Some SD card has a READ-ONLY switch at one side ... check it, although I would expect a "write error" or something like that in such case.

Because it is a 128 GB, it should be an SDXC, some hardware is limited to SDHC (max 32 GB), therefore check your hardware specs, after that some OS software/driver definitely doesn't support size greater than 32 GB, that's surely the case for winXP (Vista and win7 may need an updated driver).

You wrote it was working fine until a week ago, did you exceeded the 32 GB size at the time ? And using what filesystem type ?


----------



## Grell (Dec 22, 2016)

I have about 83 gigs of mp3s on the card and have had it working fine for the past year and a half or so that I have had it.  I did not recently pass the 32 gig mark, in fact I have had over 80 gigs on there for the whole time I've owned it.  It is the msdosfs filesystem which I suppose is very similar if not the same as vfat?  Also the read-only switch is on the sd adapter which I wasn't using at all until I finally check to see if the sd card adapter would work on my laptop, it is not a matter of having to switch it from read-only setting.

In the worst case scenario, I just checked online and the 128gb cards have dropped in price substantially, I may just reorder it but I would like to know what the problem is so that this does not happen again.

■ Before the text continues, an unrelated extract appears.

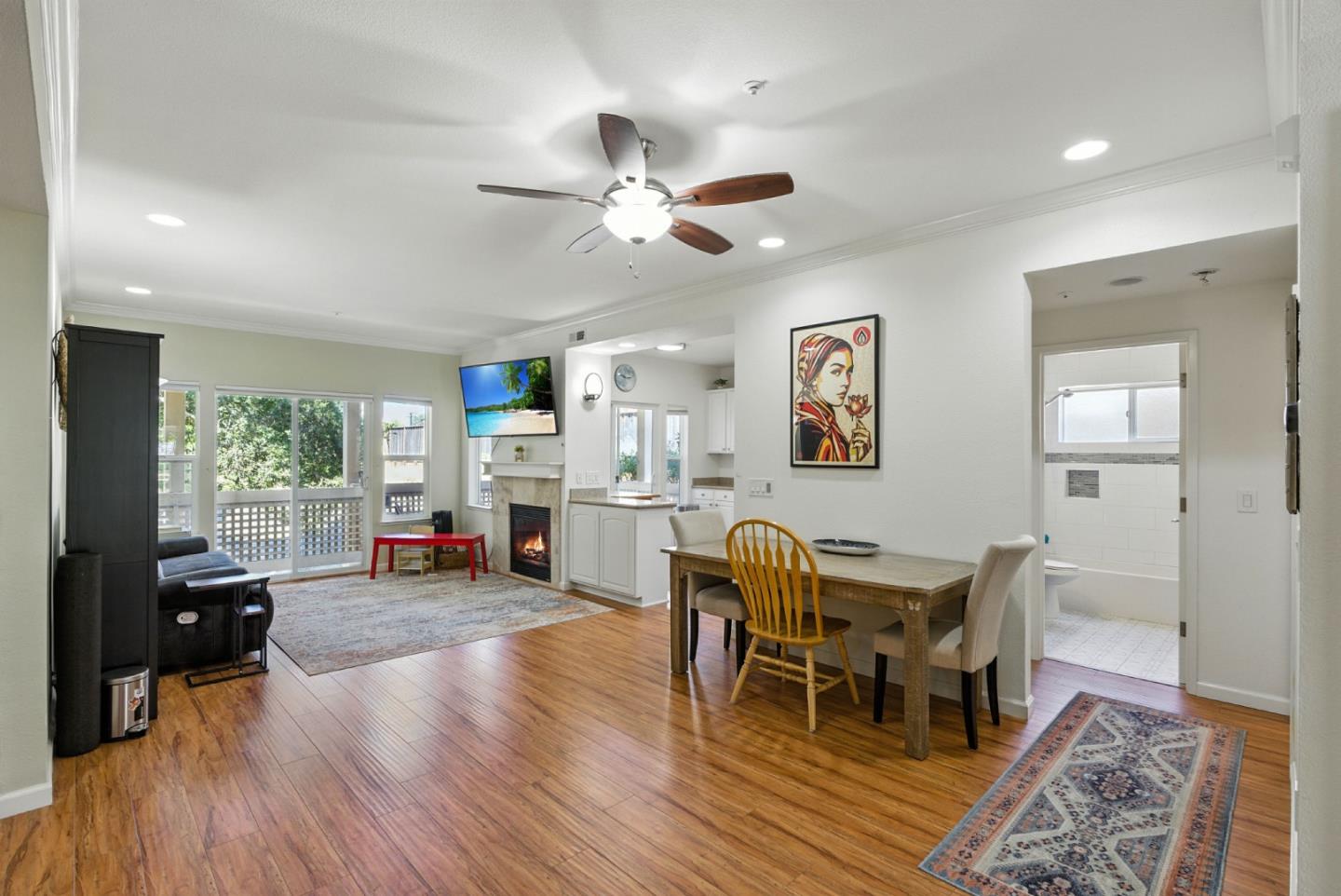 Detail Gallery Image 6 of 33 For 268 Bluebonnet Ln #124,  Scotts Valley,  CA 95066 - 2 Beds | 2 Baths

edit:  I forgot to mention that right before it stopped working I was writing data to it and I believe I tried to kill the process that was writing and when that didn't work I unplugged the device and in so doing my entire FreeBSD machine just crashed and shutdown as soon as that happened, ever since then it has been messed up.


----------



## SirDice (Dec 23, 2016)

Grell said:


> It is the msdosfs filesystem which I suppose is very similar if not the same as vfat?


msdosfs(5) is FAT12/FAT16/FAT32.


----------